Ukraine Bookmarks 522
Neue Bellonas Ukraine Leseliste am 522. Tag des Ukraine Kriegs (30. Juli 2023)
#UkraineBookmarks ist eine kuratierte und kommentierte Liste von Links zum Ukraine Krieg, die ich aktuell lesenswert finde und teilen möchte. Sie erscheint alle zwei Wochen. Ukraine Bookmarks ist eine Art bewerteter Mini-Presse-Reader zum schlimmsten und wahrscheinlich folgenreichsten Krieg in Europa seit 1945 mit den subjektiv lesenswertesten Posts dazu. Meinen anderen Newsletter
findet ihr hier.522 Tage Krieg: Reconquista
Wie alle 14 Tage kommt auch heute wieder meine völlig subjektive Zusammenfassung zu Russlands Krieg gegen die Ukraine.

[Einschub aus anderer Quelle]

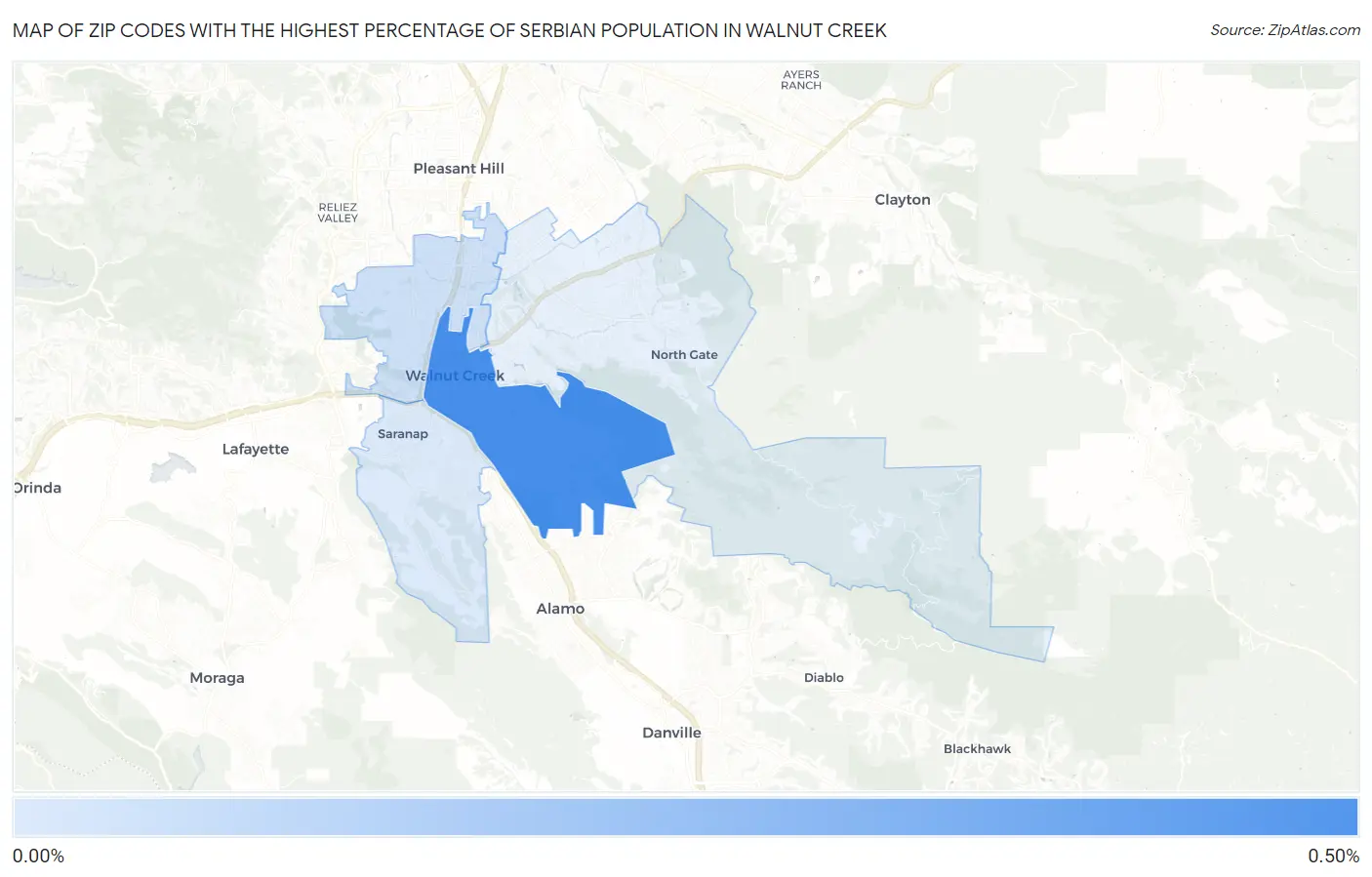 Zip Codes with the Highest Percentage of Serbian Population in Walnut Creek Map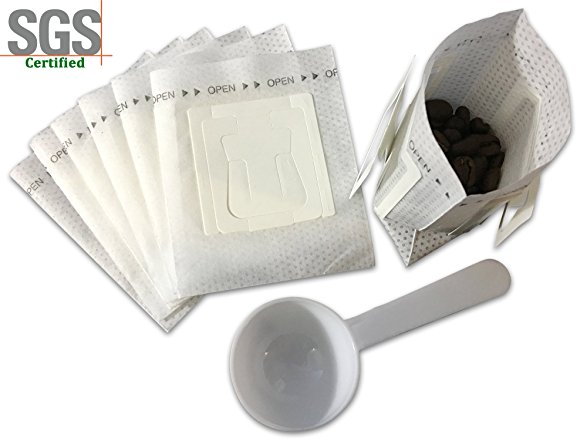 Jasmine Cafe Premium Single Serve Disposable Drip Coffee Filter Bag - Hanging Ear Drip Coffee Bag - Tea Strainer & Filter - Perfect for Travel, Home, & Office - 60 Count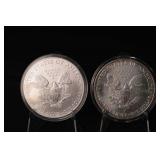 2008 And 2006 American Silver Eagle .999 1oz Silver Rounds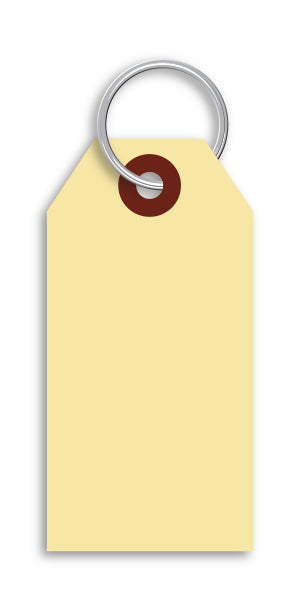Manila Key Tags - With Rings INSERTED - Qty. 1000
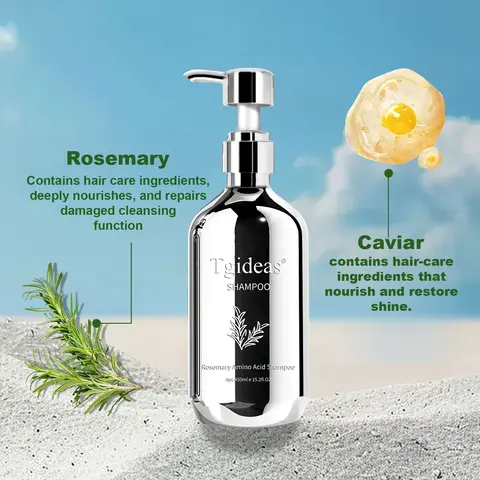 Tgideas Organic Caviar & Rosemary Volumizing Shampoo Cleanser with Complementary Conditioner for Oily Hair Adults - Daily Haircare, Oil Control, Root-Lifting, Glossy Smooth Finish, Rosemary Refreshes Scalp, Boosts Shine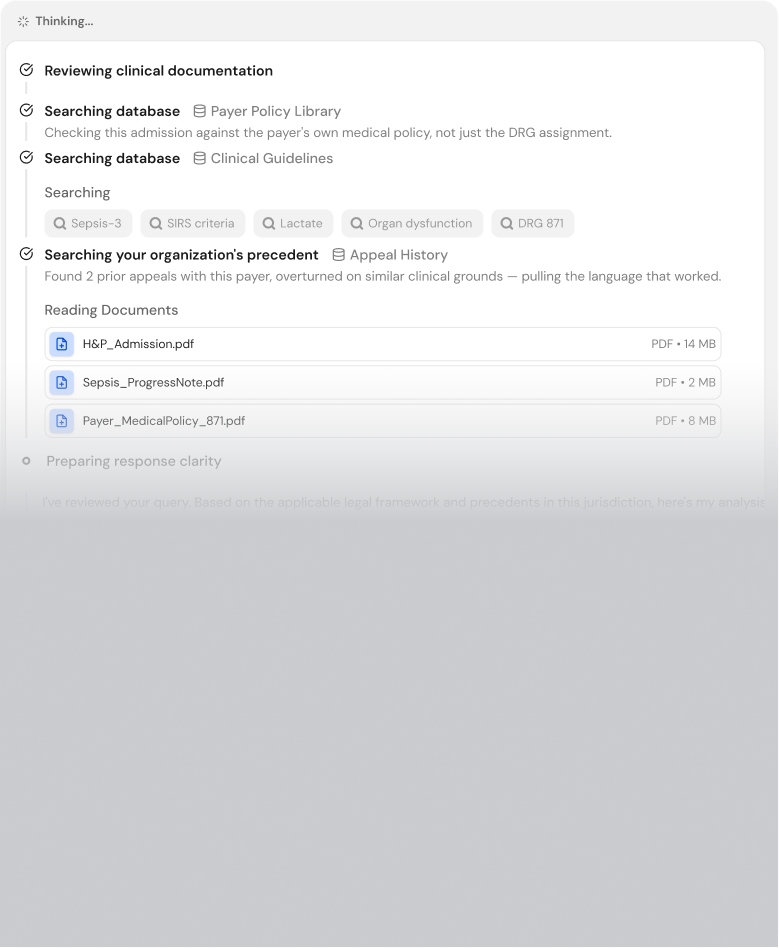 A user interface screen showing a clinical reasoning process with steps checked.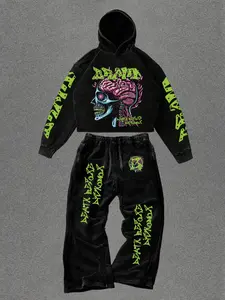 Men's 2-Piece Cotton Blend Casual, Cropped Oversized Hoodie & Baggy Pants, Streetwear, Gothic Text, Skull-Brain Graphic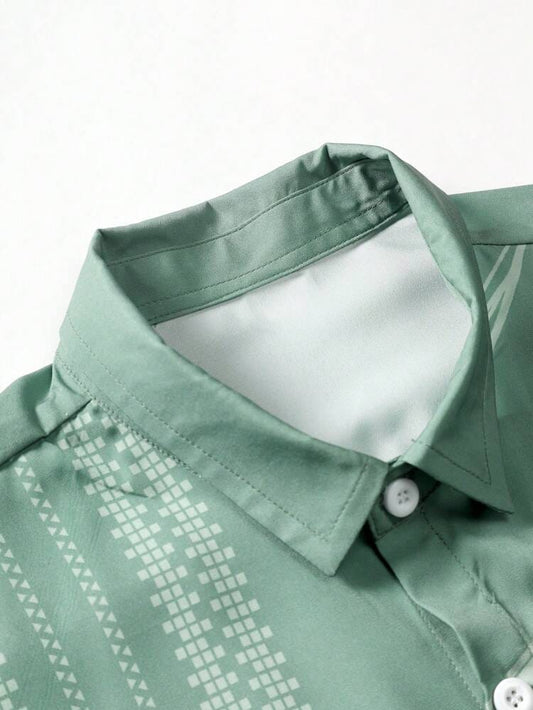 The Verdant Botanical Tailored Casual Shirt: A Study in Modern Refinement - Dressthetic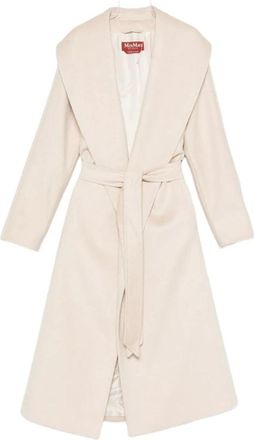Max Mara Roomwit Shawl Kraag Jas - Dames - Jas met riem - Beige - M - Jassen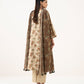 Women's Unstitched Cotton Printed Beige  Three Piece Suit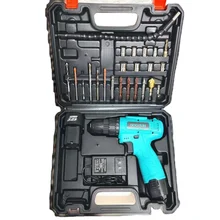 12V Mini Electric Drill Portable Electric Screwdriver Toolbox with 23-43 accessories and 2 1500mah batteries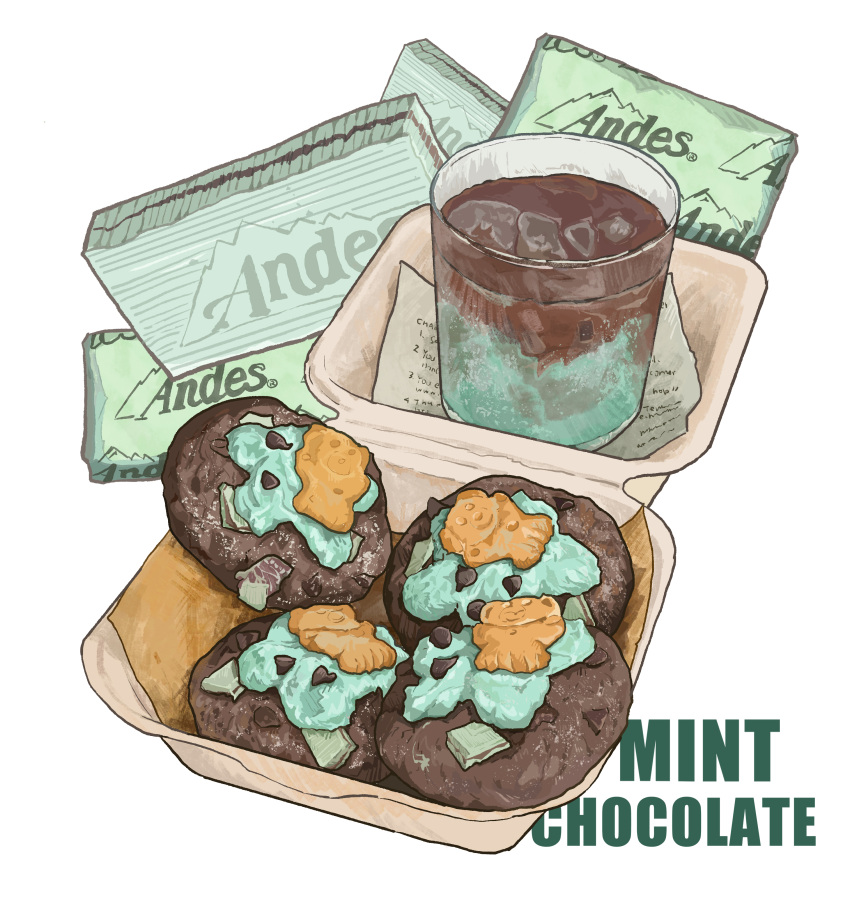 absurdres bmu_s chocolate cookie cup drink drinking_glass food food_focus highres ice ice_cube mint_chocolate no_humans original still_life white_background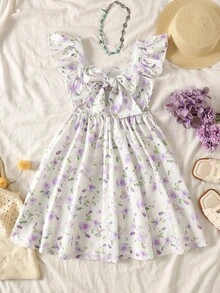 SHEIN Gaun Anak Perempuan Remaja Elegan dengan Hiasan Pita dan Rumbai Motif Bunga, Gaun Remaja Perempuan dengan Pita di Belakang, Gaun Musim Semi untuk Anak Perempuan dengan Lengan Bergelombang - Mauve Purple - View 3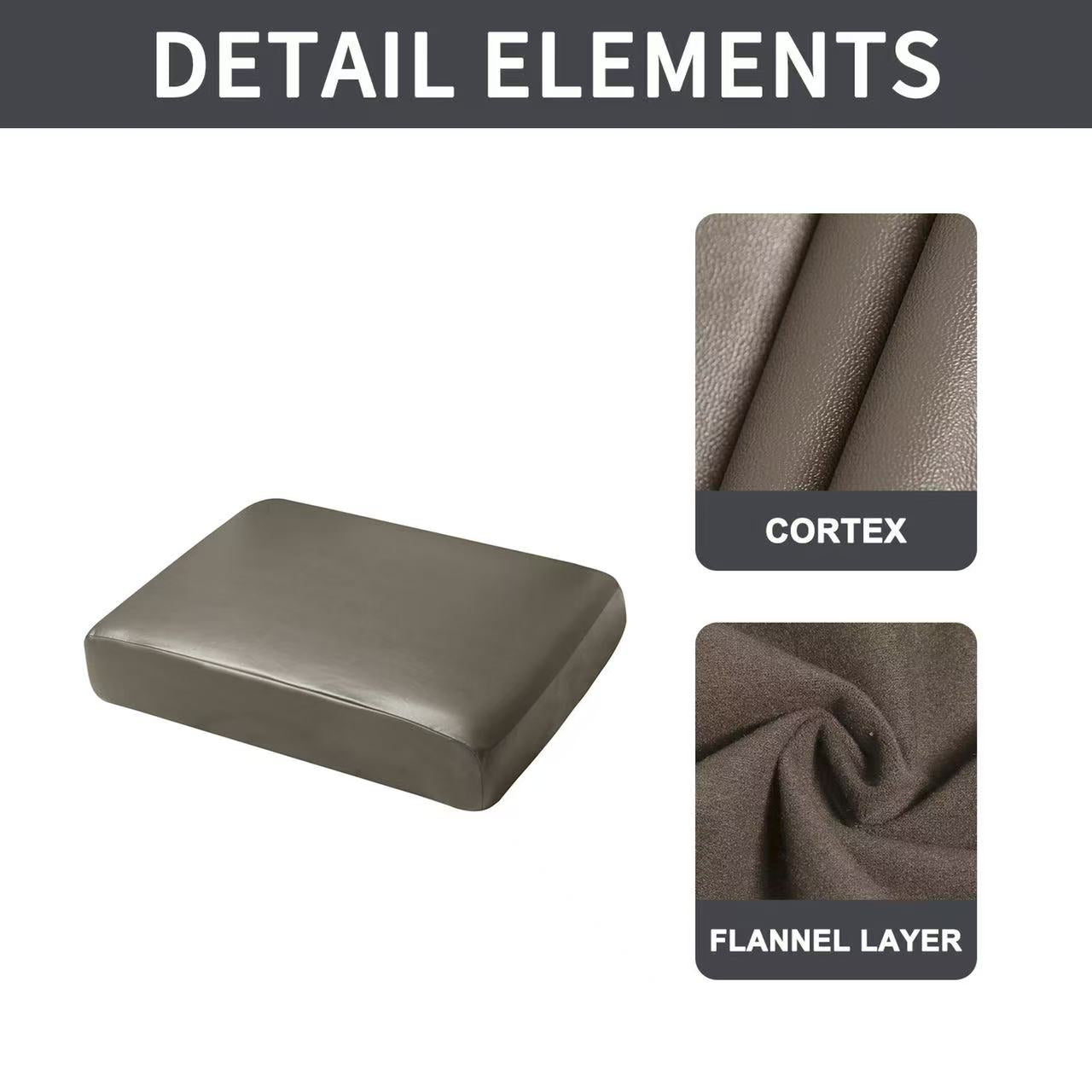 Waterproof PU Sofa Cushion Covers, Leather RV Chair Seat Slipcover with Elastic Bottom Furniture Protector for Settee Seater Replacement, Washable,Taupe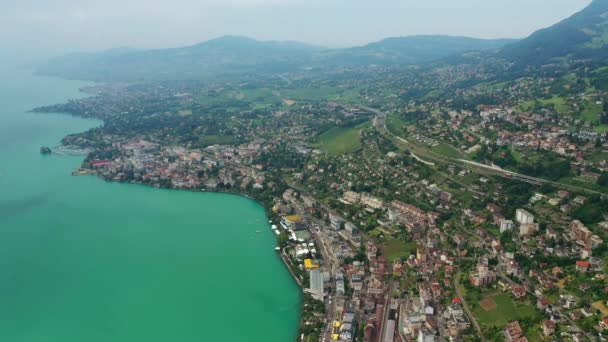 Suíça Montreux Circa Novembro 2019 Panorama Aéreo Lago Montreux Imagens — Vídeo de Stock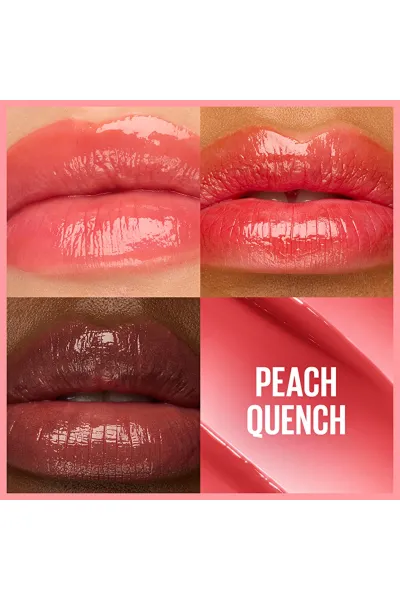 تصویر 2 : بالم لب رنگی 05 Peach Quench هلویی با شی باتر و هیالورونیک اسید میبلین نیویورک Maybelline New York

Kurzer Intro-Text für neue Leser:innen:
Weil ich ein paar neue Leser:innen bekommen habe, eine kurze Zusammenfassung, warum ich diesen Newsletter herausgebe. Eigentlich bin ich Marketingstratege in Hamburg, habe aber Politikwissenschaften studiert, ein Buch über Nordkoreas Atomwaffen herausgegeben und eine lebenslange Leidenschaft für Sicherheitspolitik. Meinen sicherheitspolitischen Blog Neue Bellona gibt es seit 2015. Aber seien wir ehrlich: Bis 2022 war Sicherheitspolitik nicht unbedingt ein Hype-Thema. 😢 Neues Leben (und Interesse) bekam Neue Bellona tatsächlich erst mit dem Ukraine-Krieg, als Menschen feststellten, dass militärische Macht plötzlich auch wieder in unseren Alltag einzieht. Alle zwei Wochen fasse ich hier das zusammen, was ich aus ziemlich vielen Quellen abseits der SPIEGEL-Artikel über die Ukraine zusammenklaube. Denn tatsächlich muss ich sagen, dass - im Gegensatz zur aktiven OSINT Community und den internationalen Medien - die deutsche Presselandschaft in der sicherheitspolitischen Beurteilung des Ukraine-Kriegs bisher keine gute Figur macht. Ein inhaltlicher Disclaimer: Der Autor dieses Newsletters hofft und glaubt aus verschiedenen Gründen, dass die Ukraine diesen ihr aufgezwungenen Krieg siegreich ist 🇺🇦. Ich bin mir dennoch bewusst, dass “Hopium” ein gefährliches Gift ist. Die Situation ist sehr schwierig, der Ausgang ist ungewiss und die Gefahr, Russland zu unterschätzen, immer präsent. Ich bemühe mich um ausgeglichen analysierende Links, die die Kriegslage halbwegs realistisch einschätzen helfen.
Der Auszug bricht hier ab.